Try it:
Below are the records. Retype, exactly, the lines from the first through the line with "American Eagle Next", and leave out the pictures.

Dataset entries
== == ==
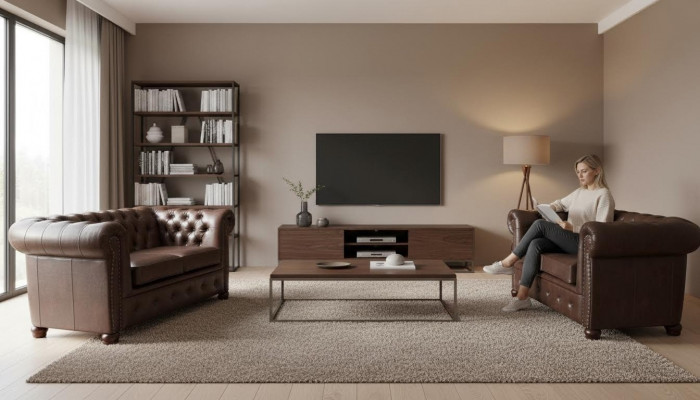 designer 2 places Canapés en textile neuf Canapés Chesterfield en cuir nouveau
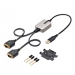 STARTECH.COM 2ft 60cm 2-Port USB to Serial Adapter Cable COM Retention FTDI USB to DB9 RS232 Changeable DB9 Screws/Nuts - Startech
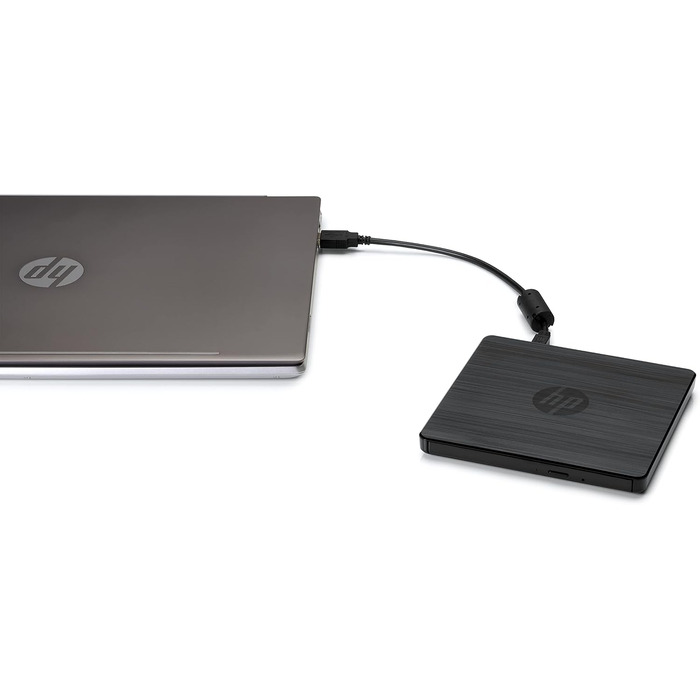 Зовнішній CD/DVD-привід HP (F6V97AA) з функцією запису, USB-інтерфейс, чорний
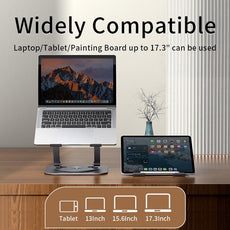 Aluminum Alloy Rotating Laptop Stand - Puritific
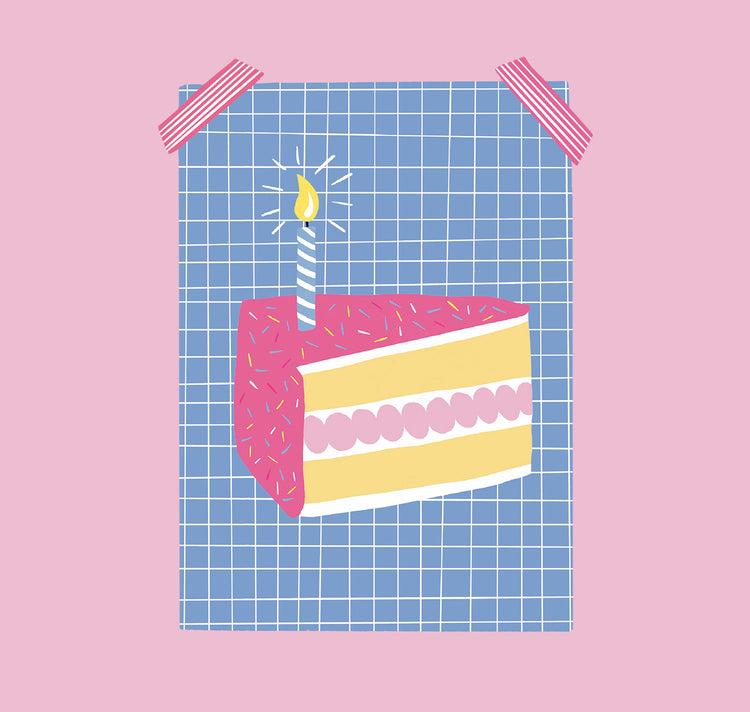 estheticgoods - Postkarte "Geburtstagskuchen"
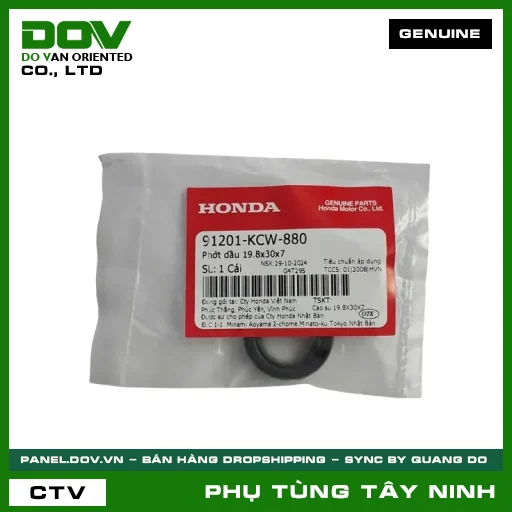 PHỚT NHỚT 19.8X30X7 — 91201KCW880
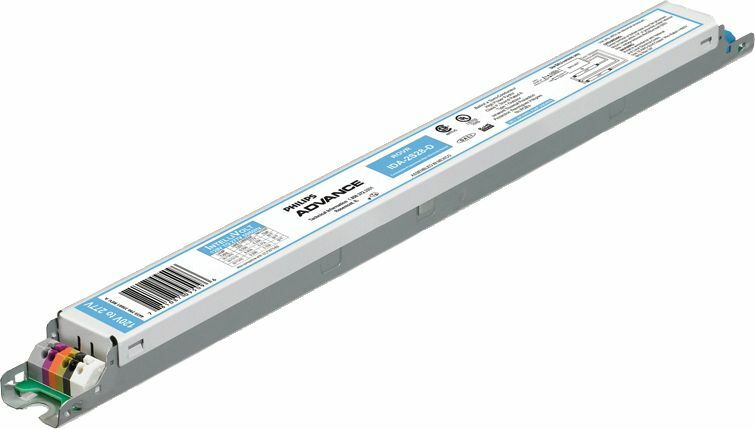 IZT2S54D35M Electronic Fluorescent Dimming Ballast, Programmed, High, 2 Lamps, 50-60 Hz, 120-277V, 54W
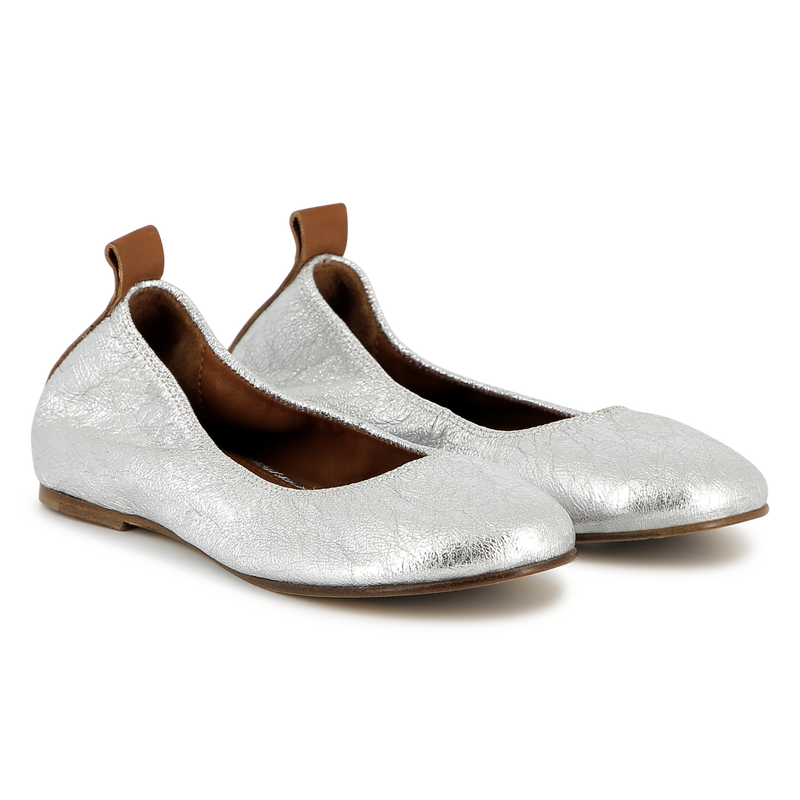 Leather ballet pumps LANVIN 
                    GIRL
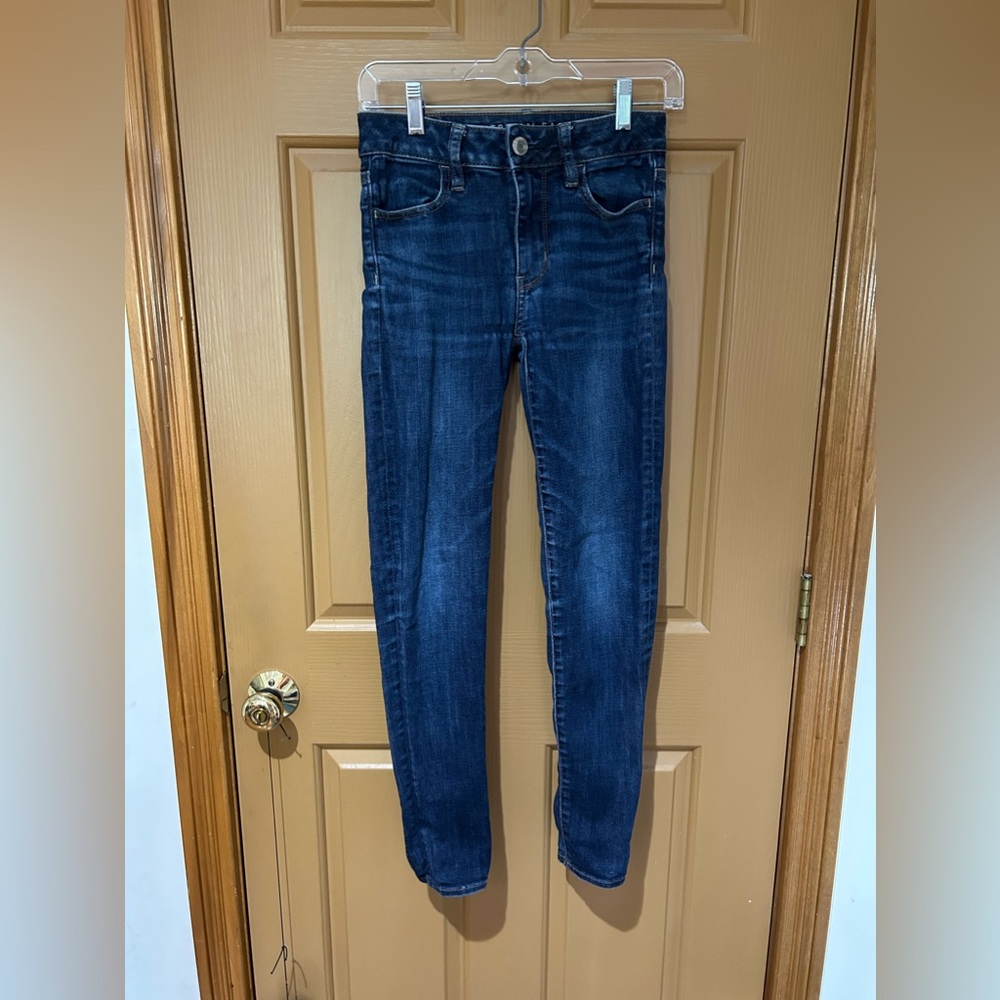 American Eagle Next Level Stretch Skinny Jeans Size 0 Regular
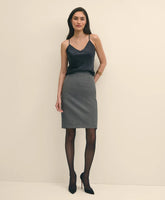 V-Neck Camisole in Washable Silk Charmeuse | Brooks Brothers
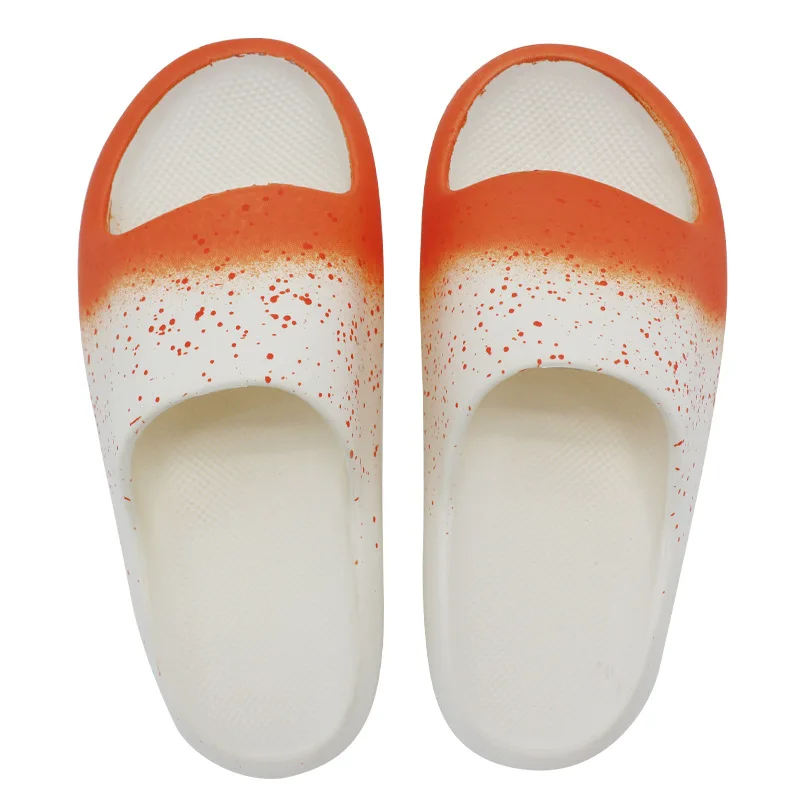 Special Color Beach Jelly Fashion Woman Lady Slippers Sandal Summer Girl Mute Outdoor Tie Dye Slipper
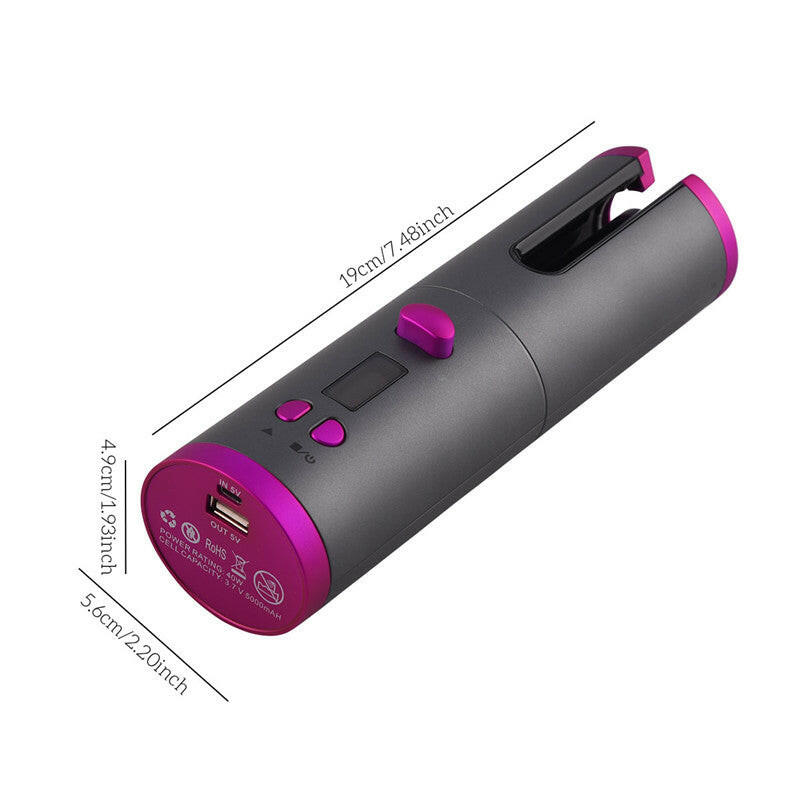 Unbound Automatic Hair Curler Cordless Electric Curling Roller Professional Ceramic Hair Waver Rechargeable Auto Curler Curls.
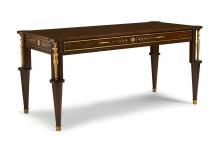 Maitland-Smith CJ8369-55 - Athena Desk, Mahogany, Gold Leaf Accents, 63.2"W CJ8369-55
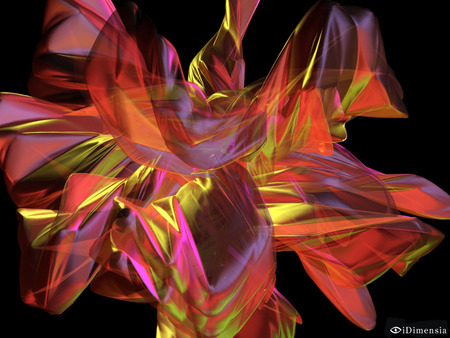 Flowering Jupiter - 3d, coloured, twisted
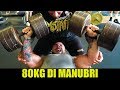 HO PROVATO 80KG DI MANUBRI... (FINITO MALE?) • EP.3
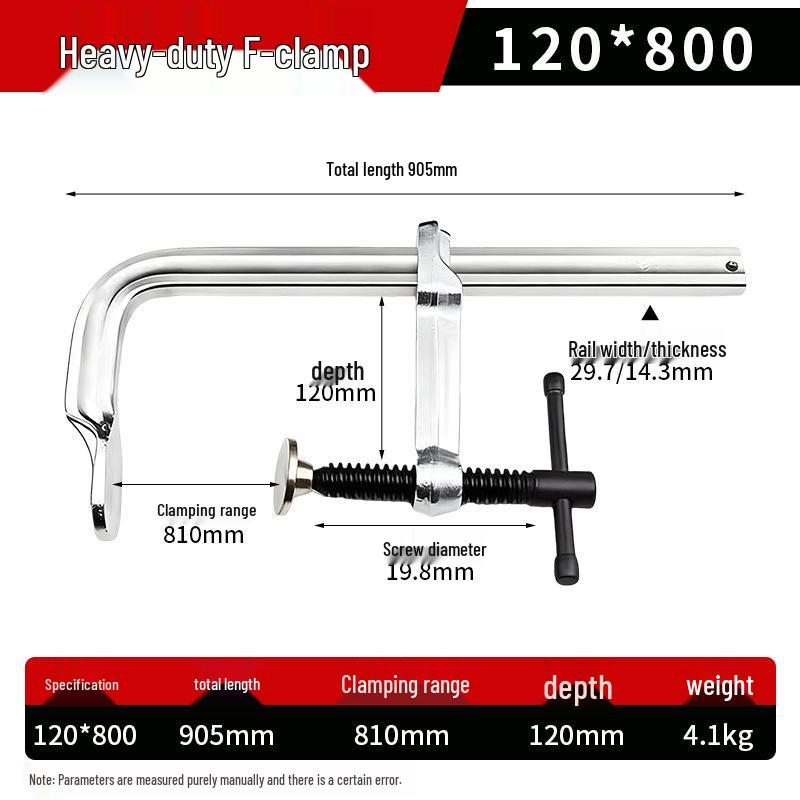 XiaoXiao F-образная сверхпрочная столярная струбцина: Прочная, быстрая фиксация под прямым углом с промышленной силой зажима.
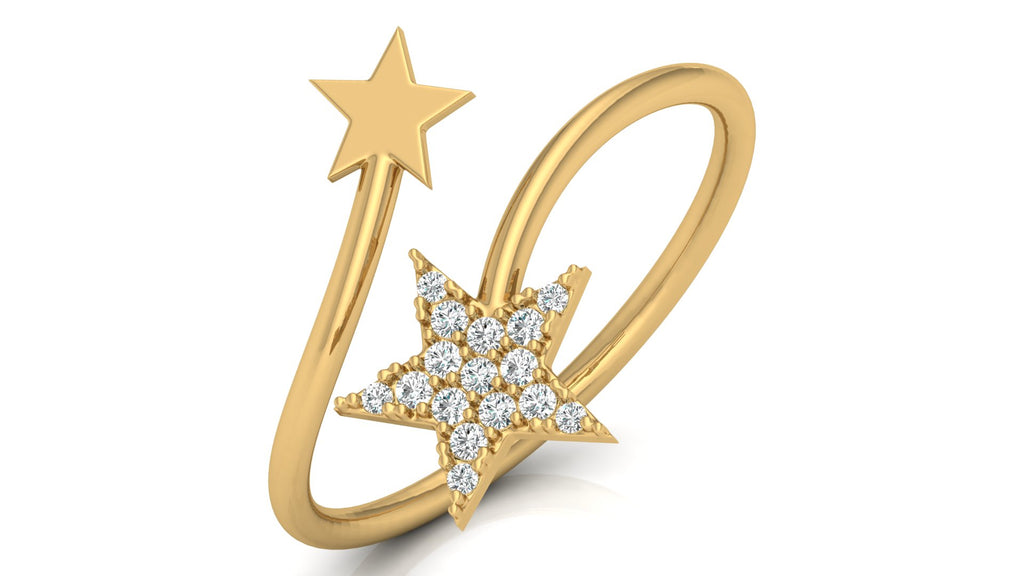 0.09 Ct Round Diamond Ring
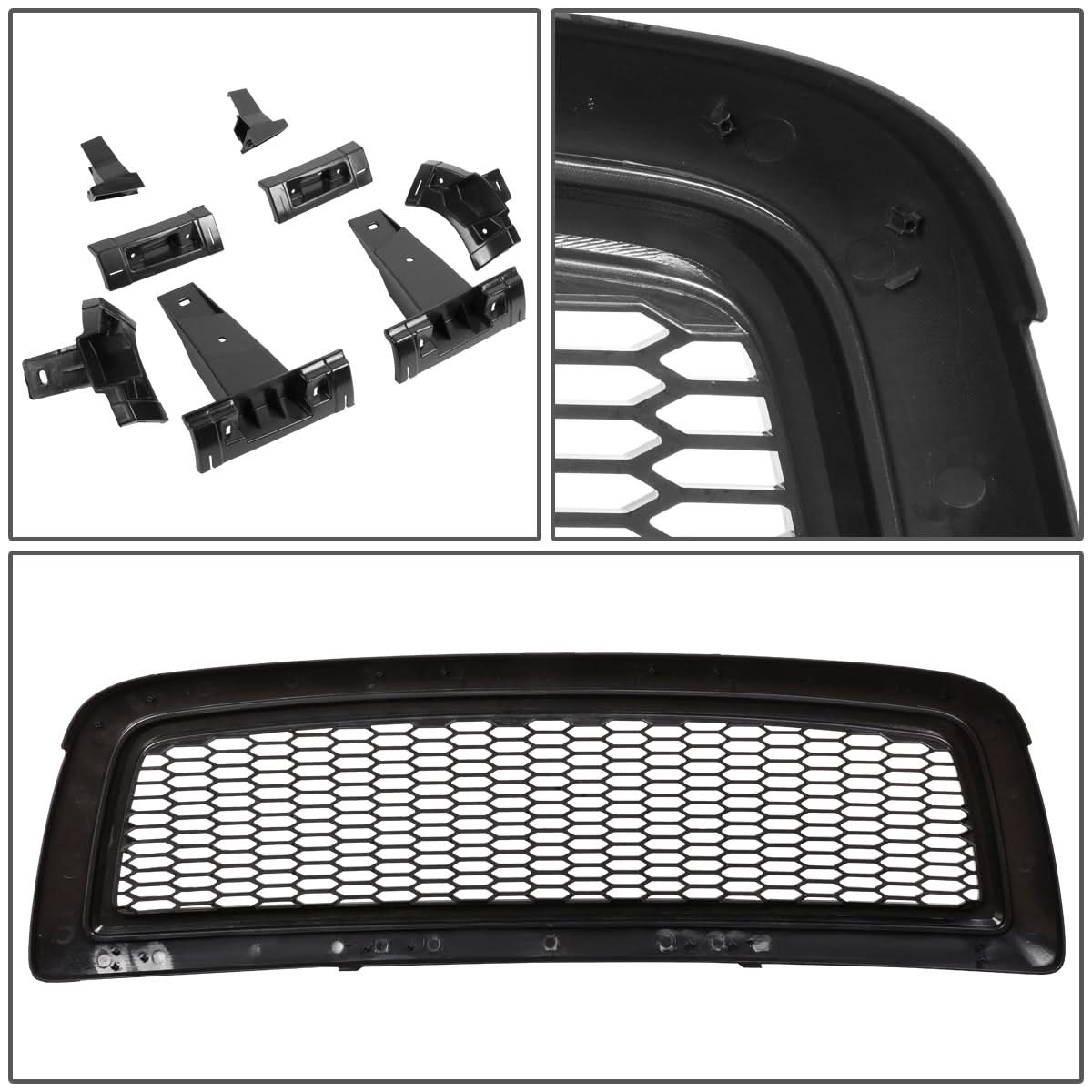 2009-2012 Dodge Ram 1500/2500/3500 Honeycomb Mesh Grille - Black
== == ==
Answer for this exercise:
 designer 2 places Canapés en textile neuf Canapés Chesterfield en cuir nouveau
 STARTECH.COM 2ft 60cm 2-Port USB to Serial Adapter Cable COM Retention FTDI USB to DB9 RS232 Changeable DB9 Screws/Nuts - Startech
 Зовнішній CD/DVD-привід HP (F6V97AA) з функцією запису, USB-інтерфейс, чорний
 Aluminum Alloy Rotating Laptop Stand - Puritific
 estheticgoods - Postkarte "Geburtstagskuchen"
 PHỚT NHỚT 19.8X30X7 — 91201KCW880
 IZT2S54D35M Electronic Fluorescent Dimming Ballast, Programmed, High, 2 Lamps, 50-60 Hz, 120-277V, 54W
 Leather ballet pumps LANVIN 
                    GIRL
 American Eagle Next Level Stretch Skinny Jeans Size 0 Regular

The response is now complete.